Said a witty misanthrope to me à propos of the iniquities of men, “It is only the uselessness of the first Deluge that preserves us from being visited by a second.”
•Chamfort, Maxims, Thoughts, Characters and Anecdotes (1796).
Dey mout er bin two deloojes, en den agin dey moutent.
•Joel Chandler Harris, Uncle Remus (1880).
“Après moi le déluge” is the unavowed motto of every person; if we admit that others survive us, it is in the hope that they will be punished for it.
•Cioran, The Trouble with Being Born (1973).
If it rains fire
you have to be as the water;
if it is a deluge of water
you have to be as the wind;
if it is the Great Flood,
you have to be as the sky;
and if it is the Very Last Flood of all the worlds,
you have to give up self
and become the Lord.
•Allama Prabhu, vacana 556 (C12).
My God, I read this day,
That planted Paradise was not so firm,
As was and is thy floting Ark; whose stay
And anchor thou art onely, to confirm
And strengthen it in ev’ry age,
When waves do rise, and tempests rage.
•Herbert, The Temple (1633).
In the last days of Atlantis, most news was bad news. However, once in awhile there was good news, as when Noah finished building his ark.
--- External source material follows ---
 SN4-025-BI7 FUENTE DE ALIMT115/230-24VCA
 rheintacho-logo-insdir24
•Walter F. Laredo, Atlantis, Inspiration for Greatness (2006).
Noah retrieves the dove again,
Which bears him in its bill
A twig of olive to explain
That, if God sends them no more rain,
The world may prosper still.
•Graves, “After the Flood” (1964).
They say when Noah once regained the sod
He nursed a vine up his divining rod;
We know when God saved him, he saved the grape:
Let us be friends then with the Friends of God.
•Clarence K. Streit, Hafiz in Quatrains (1928).
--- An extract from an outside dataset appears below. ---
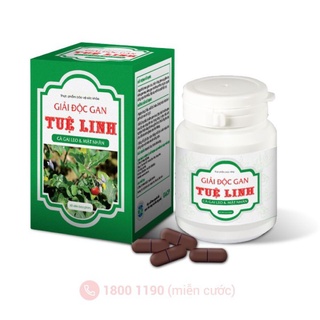 giai-doc-gan-tl-20-vien
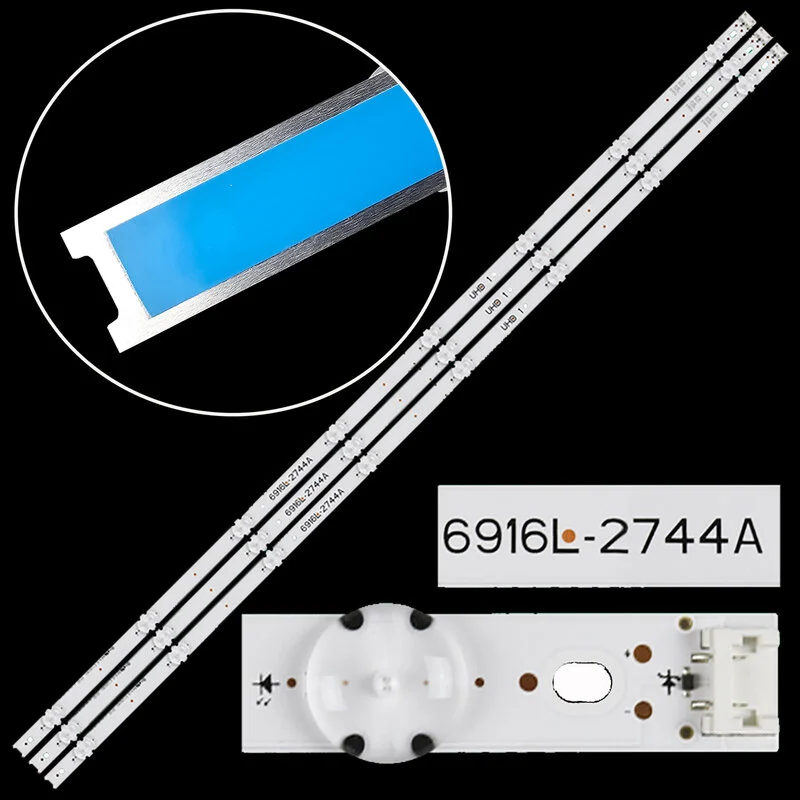 bestdealplus-2202605150709194093620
One is also tempted to explain the various deluge myths as a reversal, of a sort familiar to psychoanalysis, of the true state of affairs. The first and foremost danger encountered by organisms which were all originally water-inhabiting was not that of inundation but of desiccation. The raising of Mount Ararat out of the waters of the flood would thus be not only a deliverance, as told in the Bible, but at the same time the original catastrophe which may have only later on been recast from the standpoint of land-dwellers
•Sàndor Ferenczi, Thalassa: A Theory of Genitality (1924).
MERRY CHRISTMAS, EVERYONE! WON’T BE WATER BUT FIRE NEXT TIME!
Sources: Chamfort: trans. William G. Hutchison, The Cynic’s Breviary (Elkin Mathews, 1902); Cioran: trans. Richard Howard (Arcade, 2012); Allama Prabhu: in A. K. Ramanujan, Speaking of Siva (Penguin, 1973); Graves: Man Does, Woman Is (Doubleday, 1964); Ferenczi: trans. H. A. Bunker (Psychoanalytic Qtly., 1938); some of this material is copyrighted, and I plead only fair use.